[Opening Information supplied section]
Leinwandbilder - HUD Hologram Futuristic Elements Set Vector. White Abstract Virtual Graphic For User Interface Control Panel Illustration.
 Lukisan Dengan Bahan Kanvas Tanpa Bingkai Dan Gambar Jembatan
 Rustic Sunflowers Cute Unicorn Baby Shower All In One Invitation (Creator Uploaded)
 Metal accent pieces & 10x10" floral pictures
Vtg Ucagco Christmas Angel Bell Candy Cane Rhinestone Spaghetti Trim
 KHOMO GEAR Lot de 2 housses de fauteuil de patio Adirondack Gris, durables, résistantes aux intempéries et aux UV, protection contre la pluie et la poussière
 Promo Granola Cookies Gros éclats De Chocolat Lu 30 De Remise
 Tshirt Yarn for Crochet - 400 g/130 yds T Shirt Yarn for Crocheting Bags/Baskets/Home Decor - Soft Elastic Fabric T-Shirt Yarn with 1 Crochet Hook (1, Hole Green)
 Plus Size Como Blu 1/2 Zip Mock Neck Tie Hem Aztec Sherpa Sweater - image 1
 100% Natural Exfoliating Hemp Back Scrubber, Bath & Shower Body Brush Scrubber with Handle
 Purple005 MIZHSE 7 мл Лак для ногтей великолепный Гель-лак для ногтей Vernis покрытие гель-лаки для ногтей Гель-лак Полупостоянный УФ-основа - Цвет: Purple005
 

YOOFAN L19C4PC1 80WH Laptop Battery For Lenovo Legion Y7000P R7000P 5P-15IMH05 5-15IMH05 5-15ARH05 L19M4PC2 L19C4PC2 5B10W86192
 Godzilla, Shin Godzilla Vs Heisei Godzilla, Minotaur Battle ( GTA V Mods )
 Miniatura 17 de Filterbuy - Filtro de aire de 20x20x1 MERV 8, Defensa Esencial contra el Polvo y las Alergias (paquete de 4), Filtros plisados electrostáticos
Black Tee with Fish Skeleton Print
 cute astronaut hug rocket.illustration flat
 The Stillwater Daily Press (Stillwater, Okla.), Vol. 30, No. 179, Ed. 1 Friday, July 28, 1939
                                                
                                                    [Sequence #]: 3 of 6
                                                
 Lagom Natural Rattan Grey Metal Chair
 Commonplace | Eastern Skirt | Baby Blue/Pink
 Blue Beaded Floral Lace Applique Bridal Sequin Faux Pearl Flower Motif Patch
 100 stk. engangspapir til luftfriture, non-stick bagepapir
[Closing Information supplied section]
For each line in the data, set it down again exactly.

Leinwandbilder - HUD Hologram Futuristic Elements Set Vector. White Abstract Virtual Graphic For User Interface Control Panel Illustration.
 Lukisan Dengan Bahan Kanvas Tanpa Bingkai Dan Gambar Jembatan
 Rustic Sunflowers Cute Unicorn Baby Shower All In One Invitation (Creator Uploaded)
 Metal accent pieces & 10x10" floral pictures
Vtg Ucagco Christmas Angel Bell Candy Cane Rhinestone Spaghetti Trim
 KHOMO GEAR Lot de 2 housses de fauteuil de patio Adirondack Gris, durables, résistantes aux intempéries et aux UV, protection contre la pluie et la poussière
 Promo Granola Cookies Gros éclats De Chocolat Lu 30 De Remise
 Tshirt Yarn for Crochet - 400 g/130 yds T Shirt Yarn for Crocheting Bags/Baskets/Home Decor - Soft Elastic Fabric T-Shirt Yarn with 1 Crochet Hook (1, Hole Green)
 Plus Size Como Blu 1/2 Zip Mock Neck Tie Hem Aztec Sherpa Sweater - image 1
 100% Natural Exfoliating Hemp Back Scrubber, Bath & Shower Body Brush Scrubber with Handle
 Purple005 MIZHSE 7 мл Лак для ногтей великолепный Гель-лак для ногтей Vernis покрытие гель-лаки для ногтей Гель-лак Полупостоянный УФ-основа - Цвет: Purple005
 

YOOFAN L19C4PC1 80WH Laptop Battery For Lenovo Legion Y7000P R7000P 5P-15IMH05 5-15IMH05 5-15ARH05 L19M4PC2 L19C4PC2 5B10W86192
 Godzilla, Shin Godzilla Vs Heisei Godzilla, Minotaur Battle ( GTA V Mods )
 Miniatura 17 de Filterbuy - Filtro de aire de 20x20x1 MERV 8, Defensa Esencial contra el Polvo y las Alergias (paquete de 4), Filtros plisados electrostáticos
Black Tee with Fish Skeleton Print
 cute astronaut hug rocket.illustration flat
 The Stillwater Daily Press (Stillwater, Okla.), Vol. 30, No. 179, Ed. 1 Friday, July 28, 1939
                                                
                                                    [Sequence #]: 3 of 6
                                                
 Lagom Natural Rattan Grey Metal Chair
 Commonplace | Eastern Skirt | Baby Blue/Pink
 Blue Beaded Floral Lace Applique Bridal Sequin Faux Pearl Flower Motif Patch
 100 stk. engangspapir til luftfriture, non-stick bagepapir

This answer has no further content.